TASK GOAL
Restate the whole of the data below word for word, skipping the images.

STORED DATA
╭──

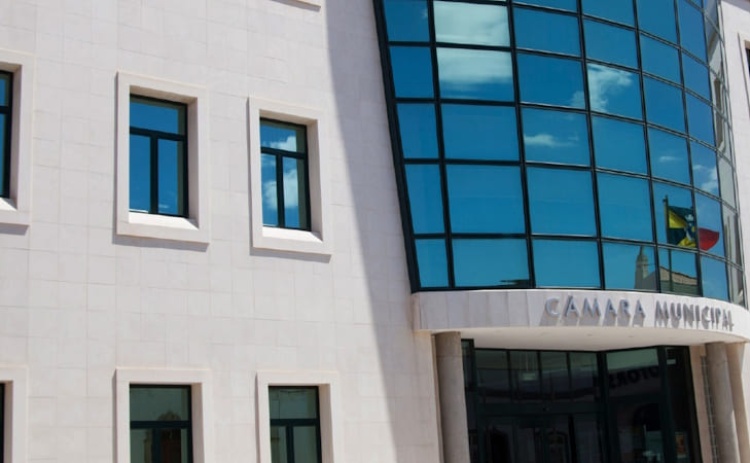 C&acirc;mara de Lagoa abre concursos para 19 postos de trabalho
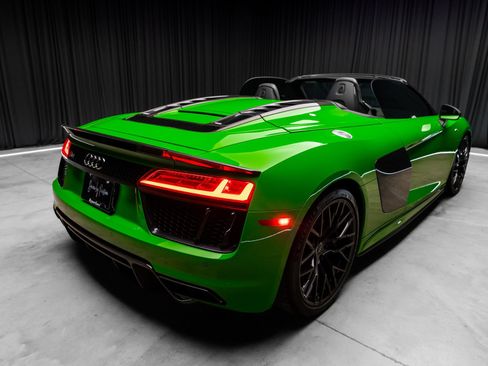 Used 2018 Audi R8 V10 plus AWD/4WD image 13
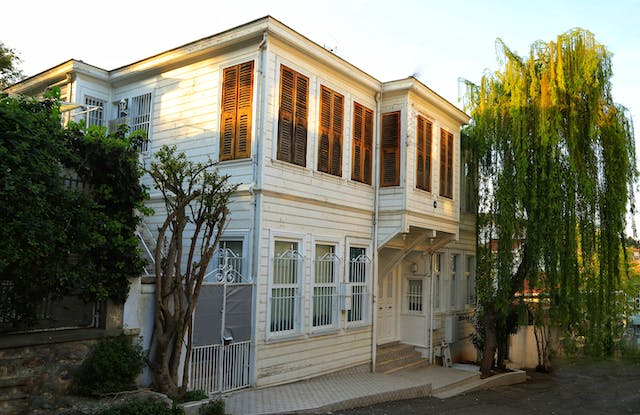 Home's Siding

╰──

RESPONSE FOR THIS EXERCISE
 C&acirc;mara de Lagoa abre concursos para 19 postos de trabalho
 Used 2018 Audi R8 V10 plus AWD/4WD image 13
 Home's Siding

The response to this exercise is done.